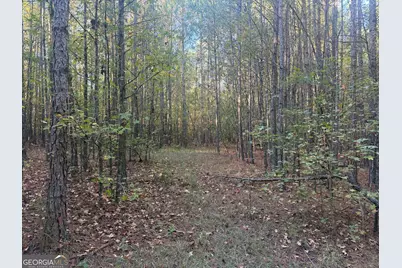 0 Gene Smith Road, Carlton, GA 30627 - Photo 19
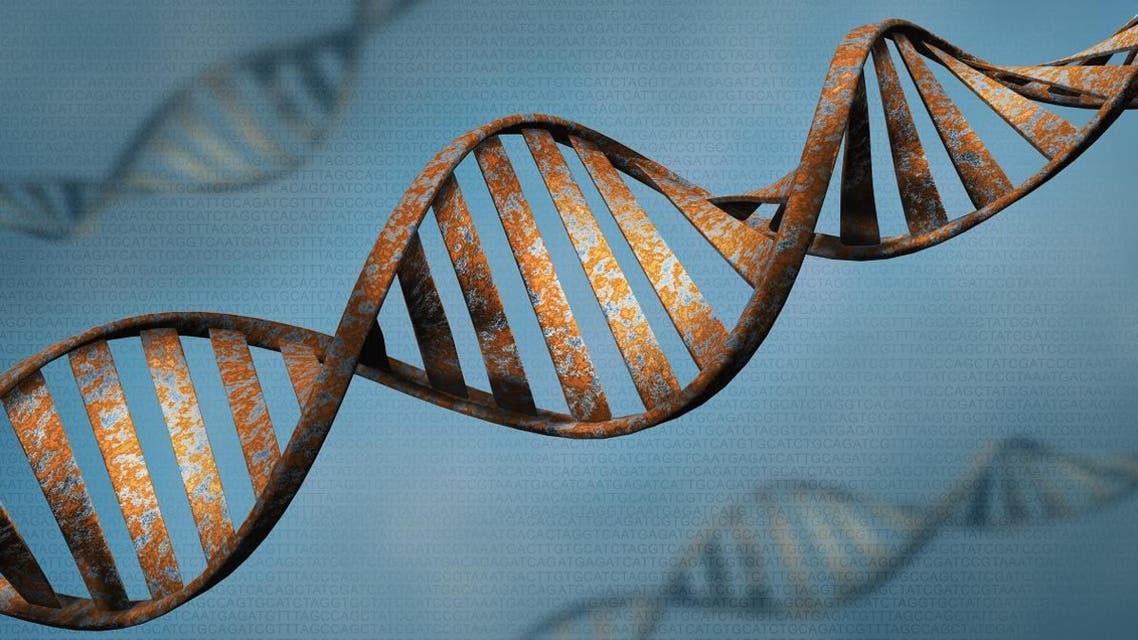 Biotechnology concept of old DNA and protein letter background, rust DNA and protein sequence 3d render - Illustration - Illustration Shutterstock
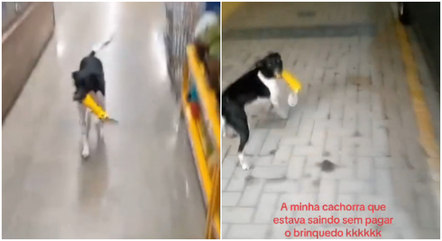 Vídeo: cachorra sai correndo de loja com brinquedo sem pagar e vídeo viraliza nas redes sociais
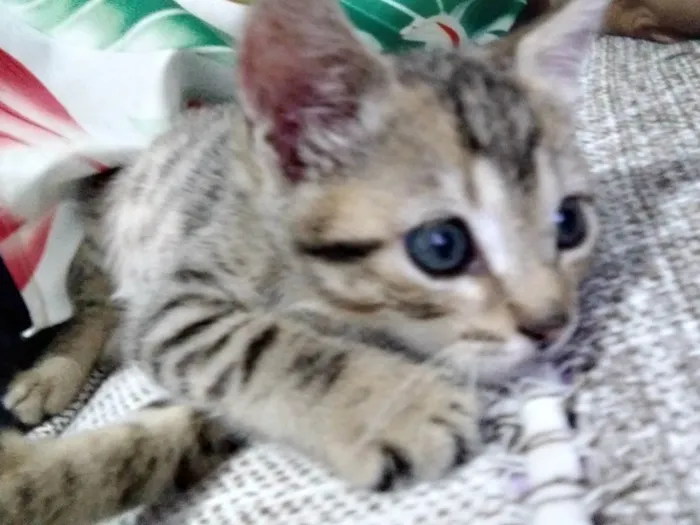 Gato ra a SRD-ViraLata idade Abaixo de 2 meses nome Brisa ADOTADA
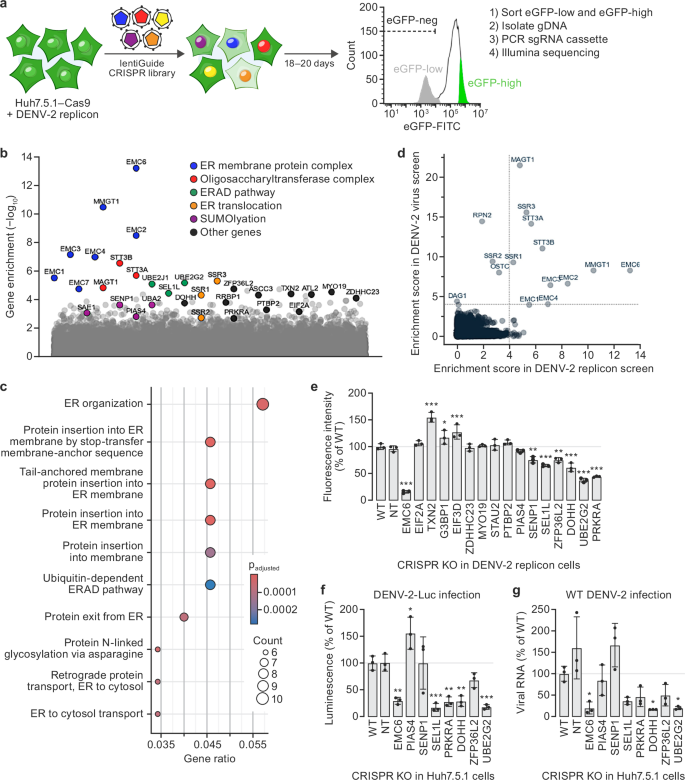 Fig. 2: CRISPR replicon screen identifies known and novel host factors involved in dengue virus type 2 (DENV-2) translation and replication.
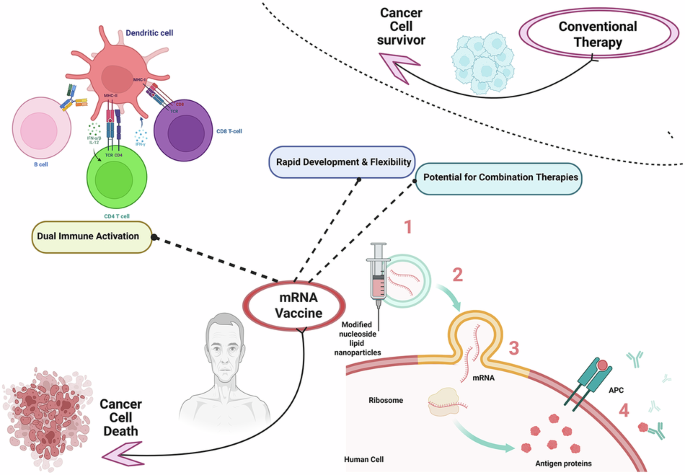 MRNA Vaccine Technology Shows Promise For Prostate Cancer Treatment
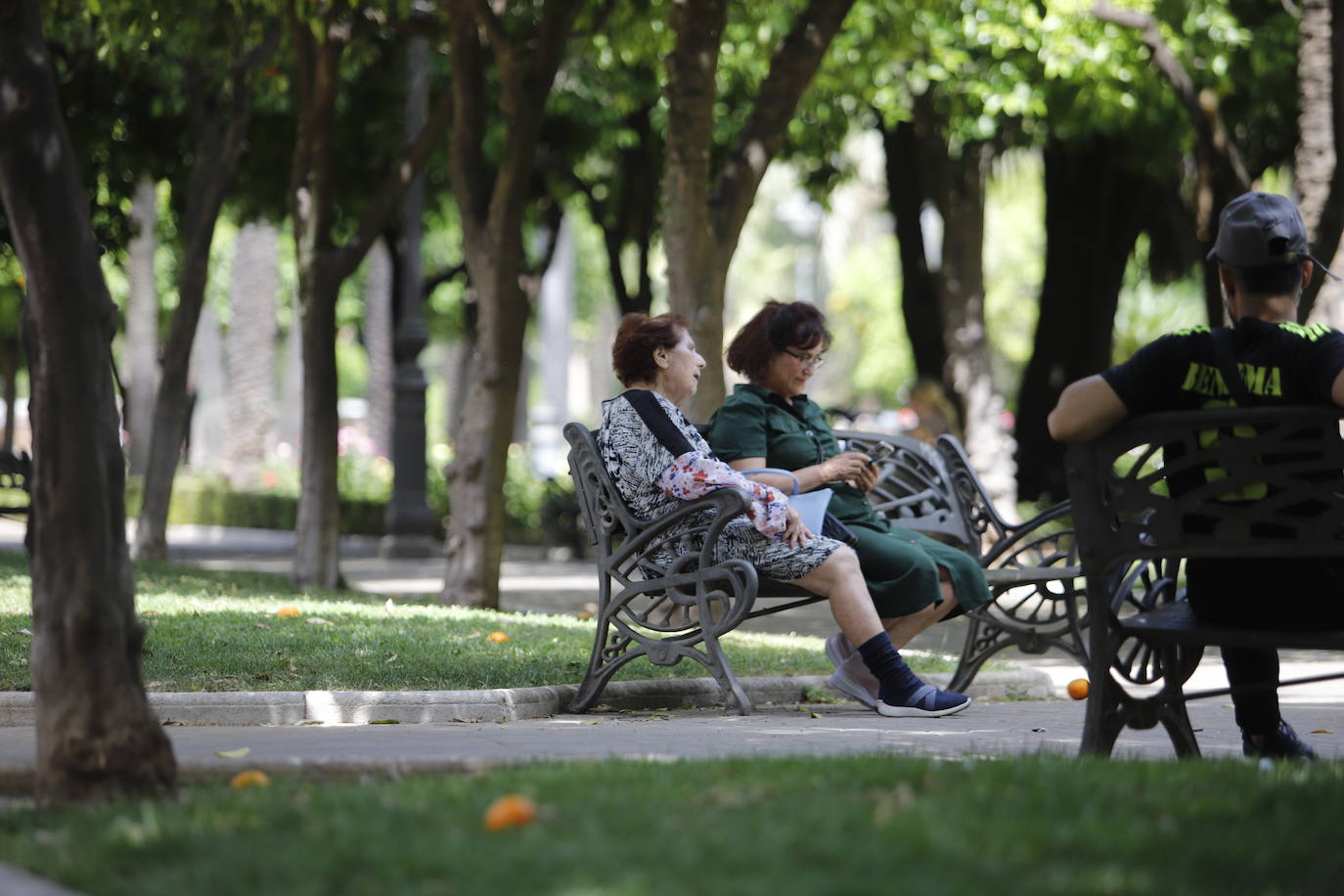 Córdoba bajo un sofocante calor en abril, en imágenes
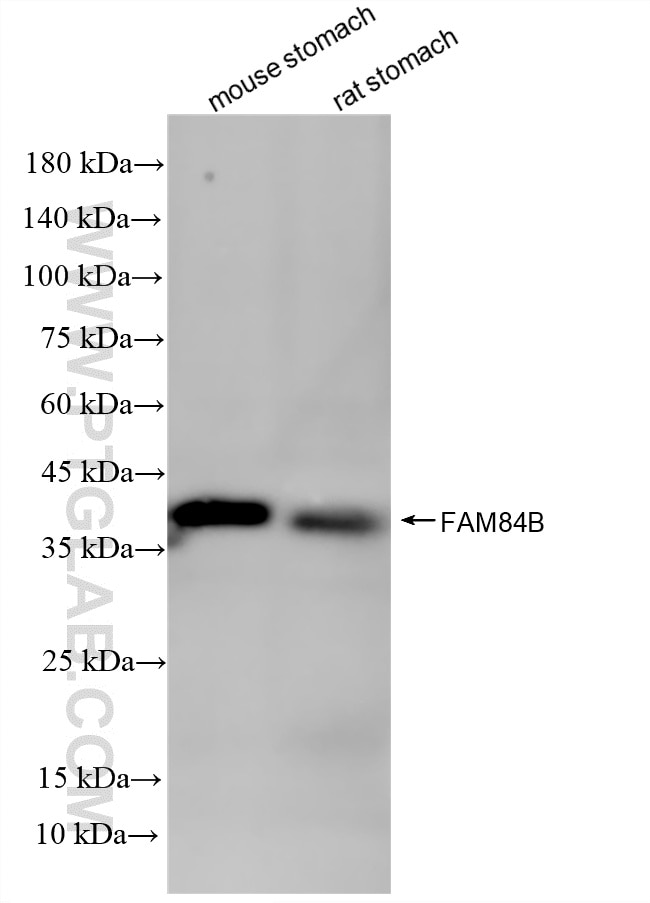 Western Blot (WB) analysis of various lysates using FAM84B Recombinant monoclonal antibody (87176-3-RR)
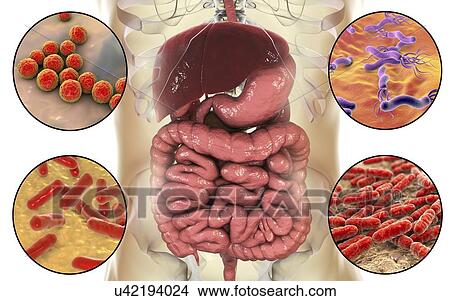 Picture - Bacteria found in human digestive system, computer illustration. Helicobacter pylori (upper right), Enterococcus faecalis (upper left), Lactobacillus spp. (bottom right) and Bifidobacterium spp. (bottom left). Lactobacillus and Bifidobacterium are.... Fotosearch
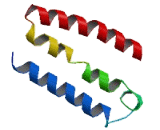 Transmembrane Protein 216 (TME<b>M216</b>)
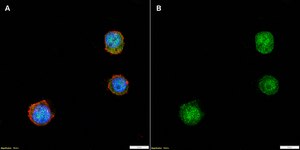 Anti-Lysozyme C Antibody, clone 1K16 ZooMAb® Rabbit Monoclonal recombinant, expressed in HEK 293 cells
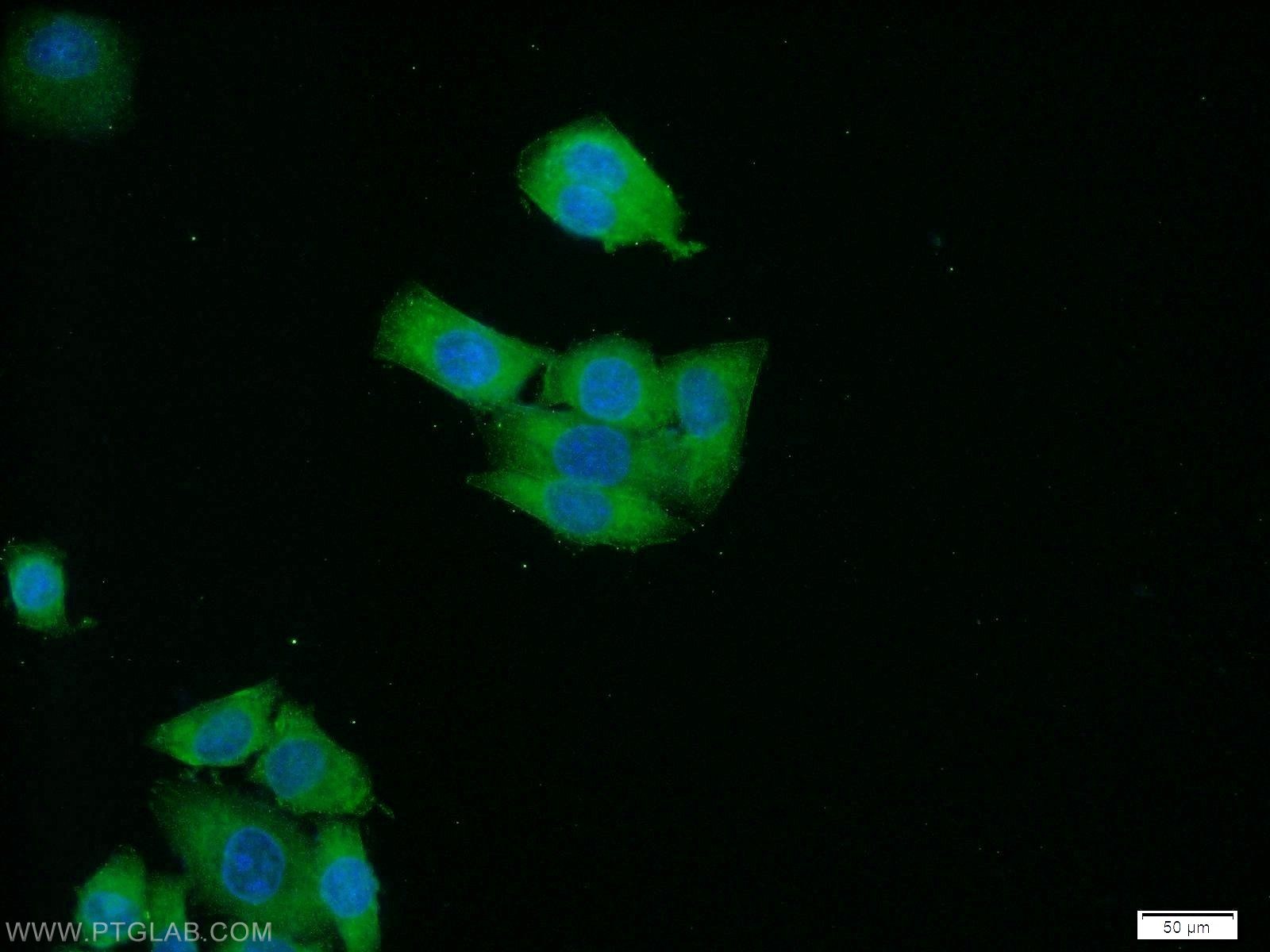 15774-1-AP;HeLa cells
◇ ◇ ◇
- **What the exercise asks**
Repeat the lines above exactly, beginning with the one containing "Western Blot (WB)" and finishing with the one containing "Transmembrane Protein 216 (TME<b>M216</b>)". No pictures belong in the copy.

- **Exercise response**
 Western Blot (WB) analysis of various lysates using FAM84B Recombinant monoclonal antibody (87176-3-RR)
 Picture - Bacteria found in human digestive system, computer illustration. Helicobacter pylori (upper right), Enterococcus faecalis (upper left), Lactobacillus spp. (bottom right) and Bifidobacterium spp. (bottom left). Lactobacillus and Bifidobacterium are.... Fotosearch
 Transmembrane Protein 216 (TME<b>M216</b>)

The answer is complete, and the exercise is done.